Personal information
- Full name: Pedro Alberto Benito Ponomar
- Date of birth: 27 March 2000 (age 26)
- Place of birth: Cádiz, Spain
- Height: 1.82 m (6 ft 0 in)
- Position: Forward

Team information
- Current team: Murcia
- Number: 9

Youth career
- 2005–2008: El Puerto de Santa María
- 2008–2012: Pavía
- 2012–2014: Almería
- 2014–2015: Swansea City
- 2015–2016: Almería
- 2016: Anorthosis Famagusta
- 2016–2017: Pavía
- 2017–2018: Canillas

College career
- Years: Team / Apps / (Gls)
- 2018: Oklahoma Wesleyan Eagles
- 2019: GW Runnin' Bulldogs / 19 / (5)

Senior career*
- Years: Team / Apps / (Gls)
- 2017: Pavía / 9 / (0)
- 2020–2021: UCAM Murcia B / 23 / (13)
- 2021–2022: Cádiz B / 10 / (1)
- 2021–2022: Cádiz / 1 / (0)
- 2022: → San Fernando (loan) / 22 / (3)
- 2022–2023: SS Reyes / 29 / (6)
- 2023–2024: Albacete / 7 / (0)
- 2024–: Murcia / 71 / (10)

= Pedro Benito =

Spanish footballer

Pedro Alberto Benito Ponomar (born 27 March 2000) is a Spanish footballer who plays as a forward for Real Murcia CF.

==Club career==
Born in Cádiz, Andalusia, Benito represented RCN El Puerto de Santa María, UD Pavía (two stints), UD Almería (two stints), Swansea City, Anorthosis Famagusta FC and CD Canillas as a youth. In January 2018, after already making his senior debut with Pavía's first team in the regional leagues, he moved to the United States after accepting a Business Administration and Sport Management degree at the Oklahoma Wesleyan University.

After spending the 2018 season with Oklahoma Wesleyan Eagles, Benito played the 2019 campaign for the Gardner–Webb University's Runnin' Bulldogs side. He returned to his home country in 2020, after joining UCAM Murcia CF's reserves in Tercera División.

On 27 May 2021, Benito signed a two-year deal with Cádiz CF, being initially assigned to the B-team in Segunda División RFEF. He made his first team – and La Liga – debut on 2 October, coming on as a second-half substitute for Álvaro Negredo in a 0–0 home draw against Valencia CF.

On 30 November 2021, Benito was loaned to Primera División RFEF side San Fernando CD for the remainder of the season, effective as of the following January. On 2 July 2022, he signed for fellow third division side UD San Sebastián de los Reyes.

On 19 June 2023, Benito signed a two-year contract with Albacete Balompié in Segunda División.
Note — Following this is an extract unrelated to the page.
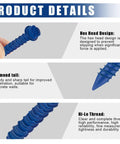 200-Piece Pro Grade Heavy Duty Set Of 1/4 By 1-3/4 Inch Hex Head Concrete Screws With Two 3/16 Inch Drill Bits Blue Slotted Masonry Anchors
After being rarely used, he terminated his link on 28 June of the following year, and joined third division side Real Murcia CF just hours later.

==Personal life==
Benito's father Alberto was also a footballer. A midfielder, he also played for Cádiz. His mother is Ukrainian.

A supporter of Cádiz, Benito is also a well-known personality on TikTok, having more than one million followers on his account.

==International career==
He has expressed his interest in playing for the Ukraine national team.